Early-stage lung cancer detection may extend beyond traditional high-risk smoker populations, potentially reshaping screening guidelines for broader demographic groups. This finding challenges the conventional wisdom that low-dose CT screening primarily benefits heavy smokers in Western populations.
A comprehensive analysis of 4,478 Thai adults undergoing low-dose computed tomography revealed a 1.2% cancer detection rate, with 70% of cancers caught at stage 0-IB. Notably, 84% of participants were never-smokers, yet the screening identified 53 lung cancers, predominantly adenocarcinomas with solid morphology. The screening protocol used advanced 256-slice spectral CT technology with radiation exposure under 1.5 mSv, interpreted using standardized Lung-RADS criteria.

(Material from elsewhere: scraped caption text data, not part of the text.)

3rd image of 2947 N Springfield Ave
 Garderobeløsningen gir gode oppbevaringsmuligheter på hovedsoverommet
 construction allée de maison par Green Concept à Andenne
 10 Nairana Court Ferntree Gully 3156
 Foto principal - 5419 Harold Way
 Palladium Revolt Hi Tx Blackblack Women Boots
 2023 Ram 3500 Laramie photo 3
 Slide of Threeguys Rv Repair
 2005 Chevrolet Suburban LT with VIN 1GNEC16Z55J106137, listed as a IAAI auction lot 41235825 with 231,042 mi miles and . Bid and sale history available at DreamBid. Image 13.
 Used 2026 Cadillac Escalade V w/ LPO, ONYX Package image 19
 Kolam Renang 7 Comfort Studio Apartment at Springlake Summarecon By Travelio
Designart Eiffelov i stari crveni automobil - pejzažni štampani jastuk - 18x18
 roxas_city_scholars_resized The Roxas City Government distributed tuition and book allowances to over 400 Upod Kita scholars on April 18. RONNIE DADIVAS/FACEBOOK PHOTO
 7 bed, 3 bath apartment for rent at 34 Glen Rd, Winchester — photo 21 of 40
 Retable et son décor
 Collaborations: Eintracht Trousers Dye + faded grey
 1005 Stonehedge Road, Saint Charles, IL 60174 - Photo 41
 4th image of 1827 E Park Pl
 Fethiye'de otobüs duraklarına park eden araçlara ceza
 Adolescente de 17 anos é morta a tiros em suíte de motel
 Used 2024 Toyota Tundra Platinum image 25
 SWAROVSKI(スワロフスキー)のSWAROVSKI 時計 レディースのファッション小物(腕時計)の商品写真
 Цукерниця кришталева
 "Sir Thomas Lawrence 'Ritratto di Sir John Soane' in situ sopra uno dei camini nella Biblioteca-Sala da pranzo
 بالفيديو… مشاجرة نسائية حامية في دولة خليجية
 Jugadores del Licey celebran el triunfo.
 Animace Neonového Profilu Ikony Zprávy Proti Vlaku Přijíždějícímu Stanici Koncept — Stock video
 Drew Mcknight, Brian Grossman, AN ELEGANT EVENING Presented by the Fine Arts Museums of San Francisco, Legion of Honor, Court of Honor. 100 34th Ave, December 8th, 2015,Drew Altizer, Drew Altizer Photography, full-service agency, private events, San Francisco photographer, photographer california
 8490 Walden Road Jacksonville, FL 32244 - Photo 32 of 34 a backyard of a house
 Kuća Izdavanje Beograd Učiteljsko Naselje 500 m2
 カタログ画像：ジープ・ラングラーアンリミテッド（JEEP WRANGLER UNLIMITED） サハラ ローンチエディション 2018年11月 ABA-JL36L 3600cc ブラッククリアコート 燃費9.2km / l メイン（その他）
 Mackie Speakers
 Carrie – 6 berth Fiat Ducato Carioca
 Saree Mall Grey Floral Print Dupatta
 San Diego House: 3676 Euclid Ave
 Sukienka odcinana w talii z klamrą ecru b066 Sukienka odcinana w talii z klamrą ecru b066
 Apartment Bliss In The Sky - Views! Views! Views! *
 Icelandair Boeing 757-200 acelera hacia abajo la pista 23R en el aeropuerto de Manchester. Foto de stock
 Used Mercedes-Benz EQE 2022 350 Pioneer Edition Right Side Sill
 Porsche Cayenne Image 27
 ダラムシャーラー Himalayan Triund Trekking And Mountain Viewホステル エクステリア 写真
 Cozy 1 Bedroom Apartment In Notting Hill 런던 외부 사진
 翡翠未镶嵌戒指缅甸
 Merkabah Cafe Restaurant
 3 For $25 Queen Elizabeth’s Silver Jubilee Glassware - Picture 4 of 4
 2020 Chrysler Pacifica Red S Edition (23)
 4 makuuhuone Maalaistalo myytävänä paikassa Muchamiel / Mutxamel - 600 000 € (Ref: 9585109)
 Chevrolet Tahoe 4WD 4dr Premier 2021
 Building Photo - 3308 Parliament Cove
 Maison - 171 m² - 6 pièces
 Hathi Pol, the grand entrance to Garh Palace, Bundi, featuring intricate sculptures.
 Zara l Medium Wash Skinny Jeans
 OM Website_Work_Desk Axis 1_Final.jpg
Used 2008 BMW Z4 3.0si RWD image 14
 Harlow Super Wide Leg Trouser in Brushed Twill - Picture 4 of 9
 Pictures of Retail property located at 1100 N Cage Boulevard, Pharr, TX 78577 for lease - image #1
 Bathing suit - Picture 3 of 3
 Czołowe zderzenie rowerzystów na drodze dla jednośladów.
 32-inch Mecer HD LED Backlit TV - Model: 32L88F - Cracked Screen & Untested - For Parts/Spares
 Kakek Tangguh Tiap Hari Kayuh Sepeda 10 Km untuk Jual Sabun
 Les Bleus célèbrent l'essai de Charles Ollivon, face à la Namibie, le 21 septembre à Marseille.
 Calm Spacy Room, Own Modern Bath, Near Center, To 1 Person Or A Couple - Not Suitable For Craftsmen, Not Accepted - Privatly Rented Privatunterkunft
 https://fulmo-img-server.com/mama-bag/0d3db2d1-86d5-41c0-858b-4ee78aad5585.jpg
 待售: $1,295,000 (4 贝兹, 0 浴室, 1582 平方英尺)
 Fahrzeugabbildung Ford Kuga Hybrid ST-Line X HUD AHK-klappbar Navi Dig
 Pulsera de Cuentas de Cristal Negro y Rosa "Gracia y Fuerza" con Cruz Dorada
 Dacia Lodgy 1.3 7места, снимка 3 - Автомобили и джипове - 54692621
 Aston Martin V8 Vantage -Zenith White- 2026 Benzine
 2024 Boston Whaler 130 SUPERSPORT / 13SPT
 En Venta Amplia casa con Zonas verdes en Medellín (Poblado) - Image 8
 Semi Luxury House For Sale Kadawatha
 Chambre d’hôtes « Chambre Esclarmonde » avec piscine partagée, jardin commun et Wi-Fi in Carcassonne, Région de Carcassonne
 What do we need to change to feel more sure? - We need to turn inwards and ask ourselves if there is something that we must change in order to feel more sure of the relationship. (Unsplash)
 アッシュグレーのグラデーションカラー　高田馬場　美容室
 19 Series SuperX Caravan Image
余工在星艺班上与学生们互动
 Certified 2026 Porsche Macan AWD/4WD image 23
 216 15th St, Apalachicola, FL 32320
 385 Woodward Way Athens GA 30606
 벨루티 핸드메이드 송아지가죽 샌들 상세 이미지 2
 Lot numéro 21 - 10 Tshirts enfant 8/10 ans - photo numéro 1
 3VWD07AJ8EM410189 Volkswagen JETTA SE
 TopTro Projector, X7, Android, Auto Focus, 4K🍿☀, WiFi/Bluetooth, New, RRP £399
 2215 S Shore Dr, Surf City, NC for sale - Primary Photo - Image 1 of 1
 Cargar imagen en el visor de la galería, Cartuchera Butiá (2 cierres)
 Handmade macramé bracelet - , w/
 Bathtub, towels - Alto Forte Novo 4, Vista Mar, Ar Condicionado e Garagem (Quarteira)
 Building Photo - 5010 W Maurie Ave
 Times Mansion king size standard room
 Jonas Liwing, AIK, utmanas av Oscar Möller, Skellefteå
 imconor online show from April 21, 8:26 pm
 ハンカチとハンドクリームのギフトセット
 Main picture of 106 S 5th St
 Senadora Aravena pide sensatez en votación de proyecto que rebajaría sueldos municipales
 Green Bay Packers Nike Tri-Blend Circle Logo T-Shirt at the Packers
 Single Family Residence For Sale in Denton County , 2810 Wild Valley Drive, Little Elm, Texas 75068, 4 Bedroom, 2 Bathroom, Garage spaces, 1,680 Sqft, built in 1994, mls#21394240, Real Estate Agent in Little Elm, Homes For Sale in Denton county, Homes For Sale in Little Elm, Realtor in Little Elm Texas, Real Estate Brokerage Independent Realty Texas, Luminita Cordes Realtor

This research fills a critical gap in Southeast Asian lung cancer screening data, where genetic predispositions and environmental exposures may differ significantly from Western populations. The high proportion of early-stage cancers detected suggests that broader screening programs could substantially improve survival outcomes in regions with limited smoking-based risk stratification. Age over 55, smoking history, coronary artery calcification, and previous extrapulmonary malignancy emerged as independent predictors.
The study's limitation lies in its single-center design at a private Bangkok hospital, potentially limiting generalizability across socioeconomic strata. However, the substantial detection rate among non-smokers represents a paradigm-shifting finding that warrants expanded screening considerations. This data supports expanding eligibility criteria beyond smoking-centric guidelines, particularly in Asian populations where lung cancer patterns may reflect different environmental and genetic risk factors than those established in predominantly Caucasian cohorts.